Dig Deep – Construction of RFID Tags

RFID tags, along with interrogators, antennas, and peripheral devices, form a physical layer of the RFID system. As you know, RFID tags use electromagnetic wave propagation and inductive and backscatter coupling to communicate with interrogators. But how are these tags made? Let’s discuss tag components including the RFID chip and its construction.

RFID tags are made of three different components: an RFID chip, which is an integrated circuit (IC), an antenna, and a substrate. A tag manufacturer typically does not make all three components in-house. The IC is typically designed and made by a semiconductor manufacturer, while an antenna is usually designed and made by a tag manufacturer. Tags are available in various sizes, designs, and form factors, and they can be customized for a particular application. Unless you need a very large number of tags, you should try to use stock tags because customized tags can be very expensive.

An IC, also called an electronic circuit, microchip, or chip, is designed and manufactured by a semiconductor manufacturer.
The IC has a logic unit that makes decisions and provides memory to store data. Actually, the IC is a small microprocessor, and the latest ones have 40 to 50 thousand transistors, more than the original IBM PC. The IC needs power to operate. This power may come from a battery on the tag (in an active tag) or it may be obtained from the radio energy radiated by the interrogator antenna (in a passive tag). A part of the IC is dedicated to controlling power.
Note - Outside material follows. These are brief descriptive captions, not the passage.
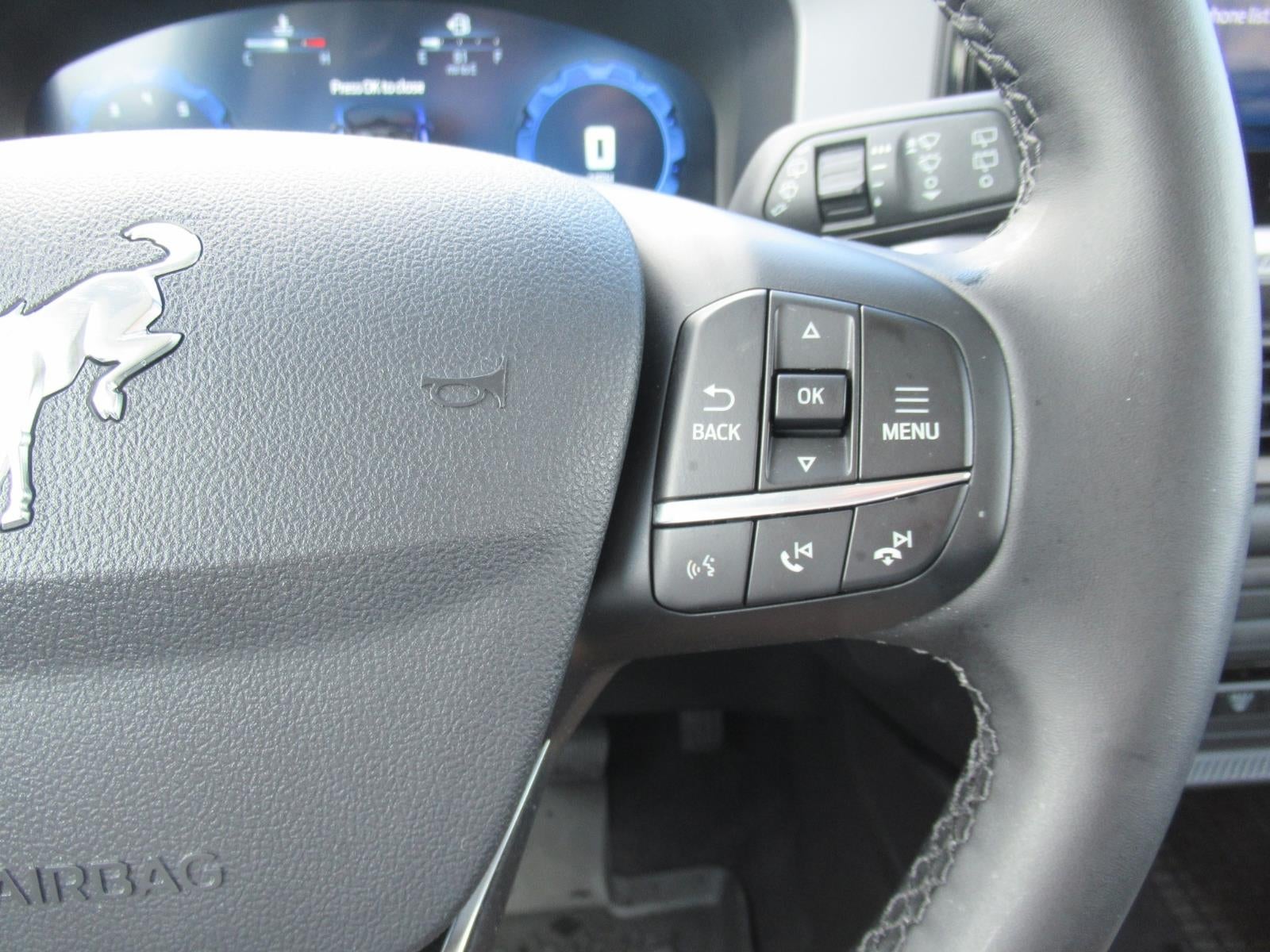 2025 Ford Bronco Sport Big Bend - Photo 26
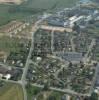 Photos aériennes de Le Manoir (27460) - Autre vue | Eure, Haute-Normandie, France - Photo réf. A03436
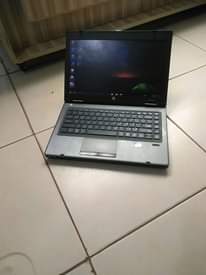 A picture of HP pro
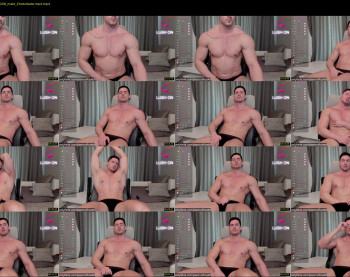 jasonblakes — 11 minute Chaturbate male cam show recording, 720p, Jan 21, 2024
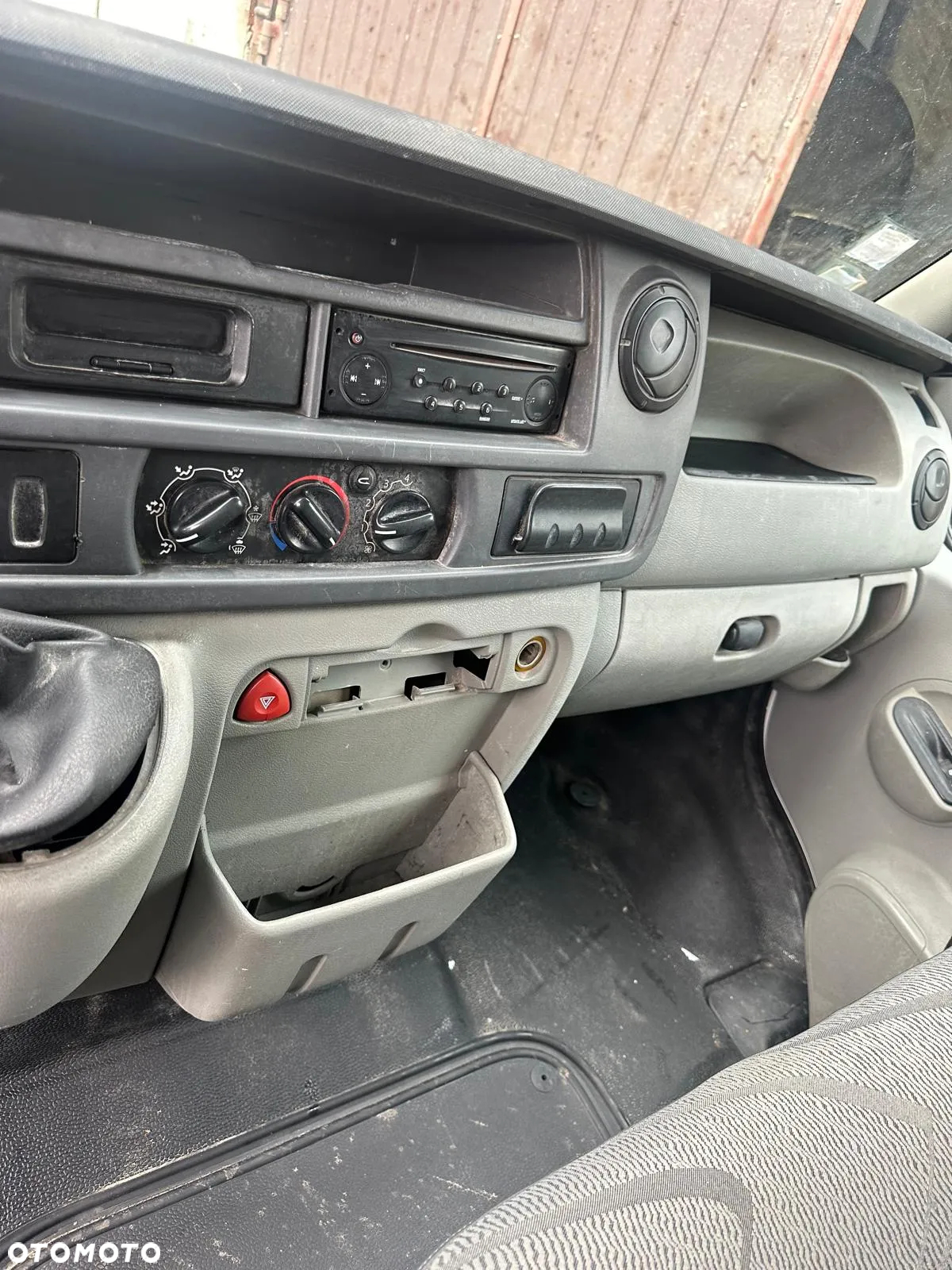 Renault Renault MASTER dci 120 - 15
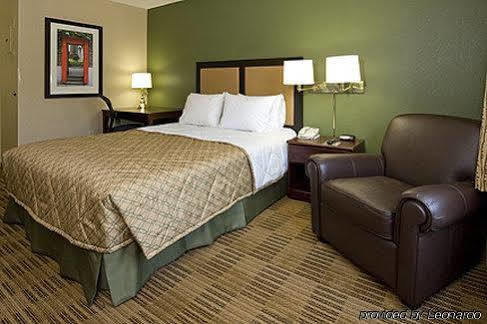 Hotel Extended America - - Mission Valley - Stadium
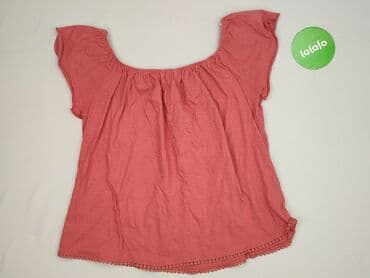 bluzka do spodenek: Women's blouse, size M — 4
The ICs on each wafer need to be cut and separated and then attached to a tag antenna. As the size of IC decreases, it requires more precise equipment to connect it to the antenna, which can increase the cost of assembling the tag.
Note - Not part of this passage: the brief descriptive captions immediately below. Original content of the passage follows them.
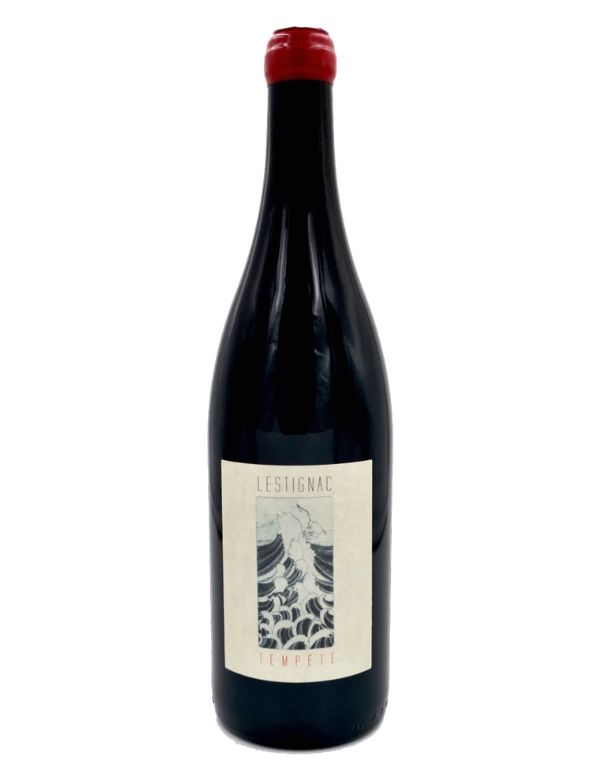 Tempête de Lestignac 2021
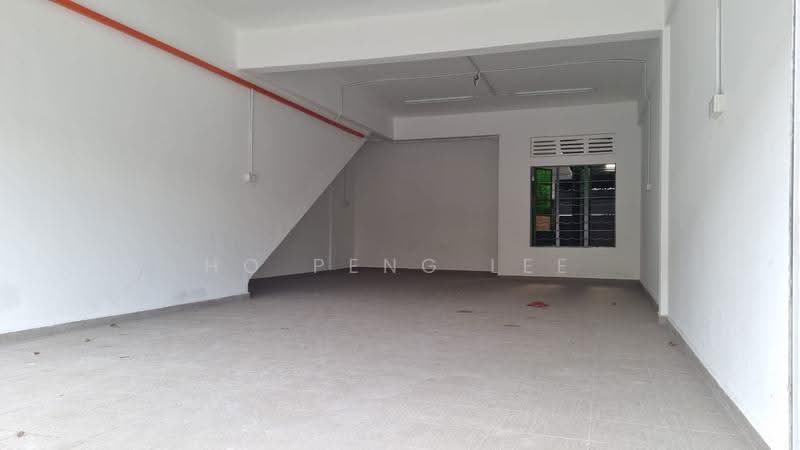 Kedai untuk Disewa di Klang (Selangor) - Ho Peng Lee - Interior - PropertyGuru.com.my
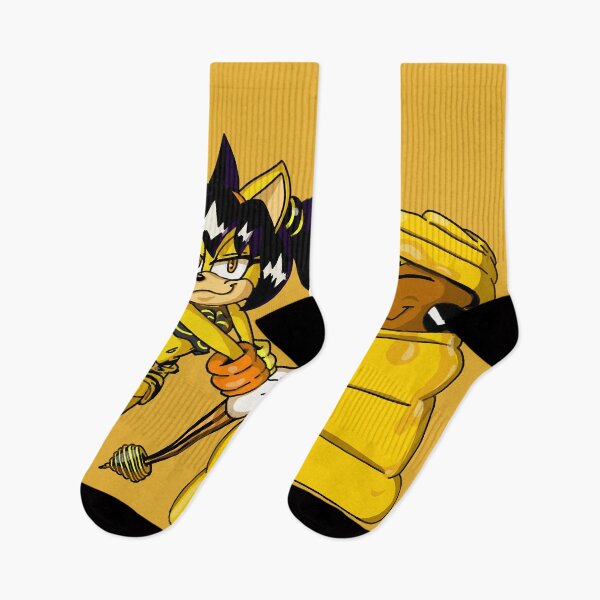Item preview, Honey the Bee Cat designed and sold by T-Draguuno.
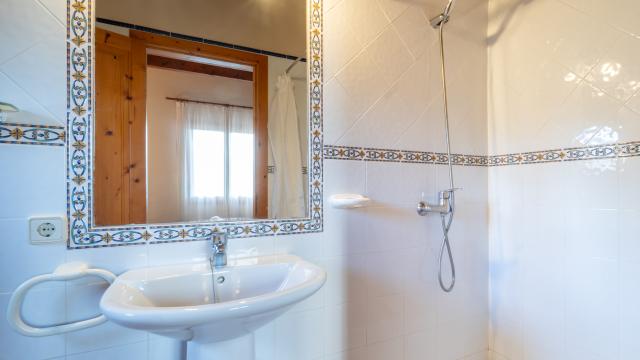 Rural Villa Can Roca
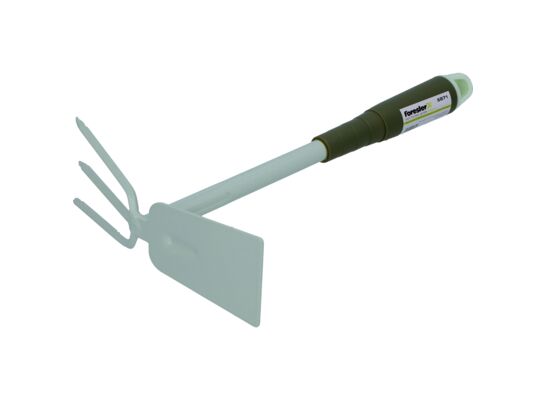 Mini motyko-grabki metalowe FORESTER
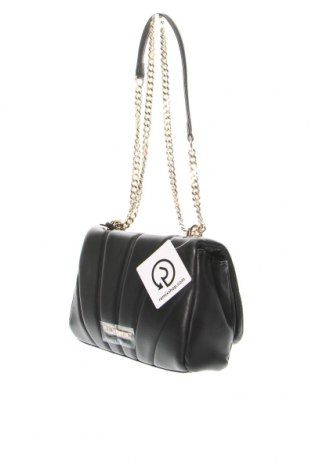 Γυναικεία τσάντα Plein Sport, Χρώμα Μαύρο, Τιμή 137,45 €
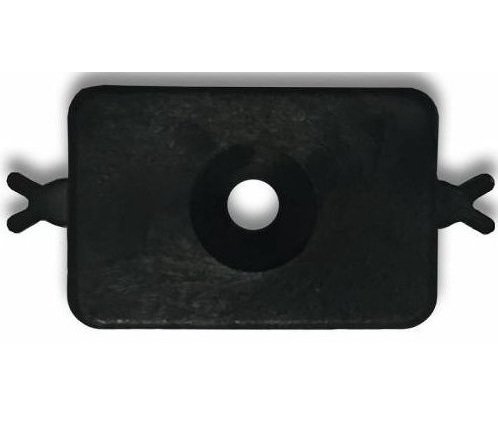 Кляймер пластиковый для Доски NanoWood купить в Заводоуковске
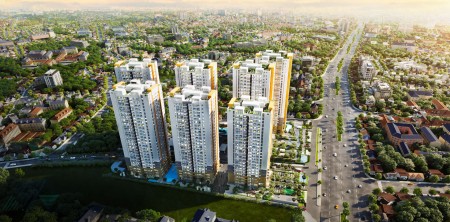 Căn hộ Biên Hòa Universe Complex, lợi nhuận từ 33%, liên hệ 0909482806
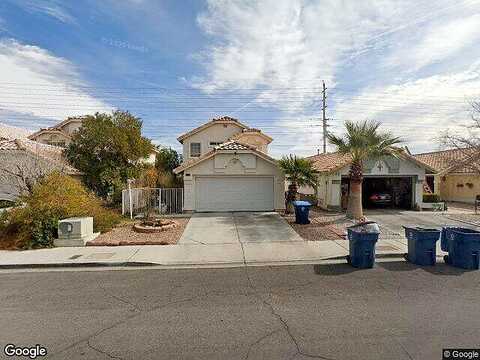 Sarajane, LAS VEGAS, NV 89107
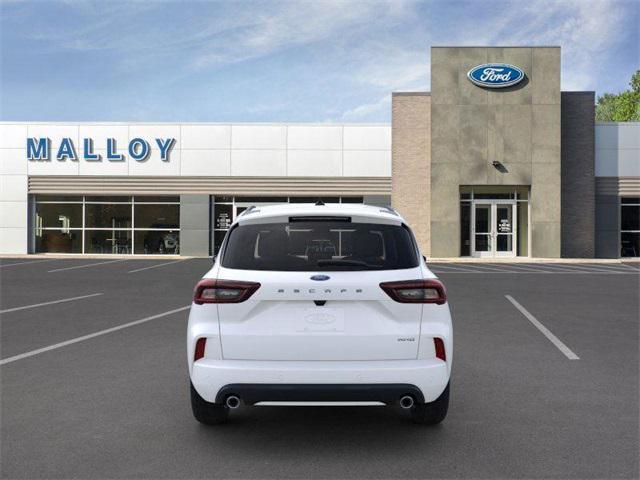 new 2024 Ford Escape car, priced at $29,460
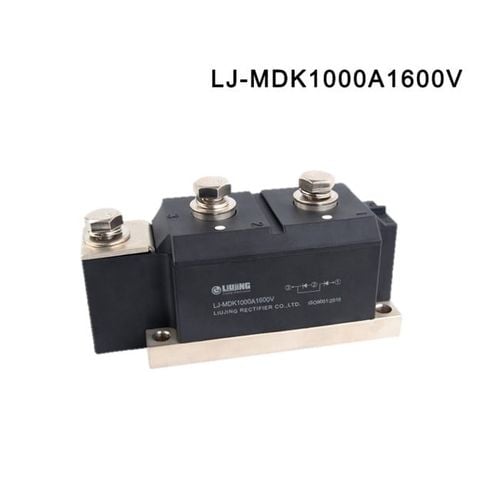 Common cathode pv Diode Module MDK1000A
The antenna is the largest part of the tag and is connected to the tag IC. The antenna receives the signals from the interrogator and, depending on tag type, it either transmits or reflects the received signal back. For active tags, it transmits the signals, and for semi-passive and passive tags, it reflects the signals. For passive tags, the antenna also collects power from the radio waves and supplies it to the IC.

Antennas are usually made of thin metal strips of copper, aluminum, or silver. These strips are deposited on the substrate at high speeds, using one of three different methods: copper etching, foil stamping, and screen-printing. Screen-printing is the fastest and the least expensive of all three processes, but the antennas created using this method are less efficient than those created by the other two methods. Because many tags will be included in the labels and the label makers’ expertise is in printing, a screen-printed antenna using conductive ink containing copper, nickel, or carbon would make the tag creation process less expensive and will integrate it with the label making process.

The substrate holds all other tag components together. The tag antenna is deposited or printed on the substrate, and the IC is then attached to this antenna. A substrate is usually made from flexible material such as thin plastic, but it may also be made from rigid material. Most passive tags use substrates made from flexible material with a thickness of 100 to 200 nm. The substrate material must be able to withstand various environmental conditions through which the tag may pass during its lifecycle. Some of the materials used for the substrate are polymer, PVC, Polyethylenetherephtalate (PET), phenolics, polyesters, styrene, and even paper. The substrate material must provide dissipation of static buildup, a smooth printing surface for antenna layout, durability and stability under various operating conditions, and mechanical protection for the antenna, chip, and their interconnections. Some of the environmental conditions that can affect the substrate are heat, moisture, vibration, chemicals, sunlight, abrasion, impact, and corrosion. The substrate material may affect the design frequency of the antenna; therefore, the effect of substrate material must be considered during proper tuning of the antenna.
One side of the substrate is usually coated with an adhesive material to attach the tag to an object. The adhesive material must be able to withstand appropriate environmental conditions. Sometimes, a protective overlay made from materials such as PVC lamination, epoxy resin, or adhesive paper is added to protect the tag from environmental effects.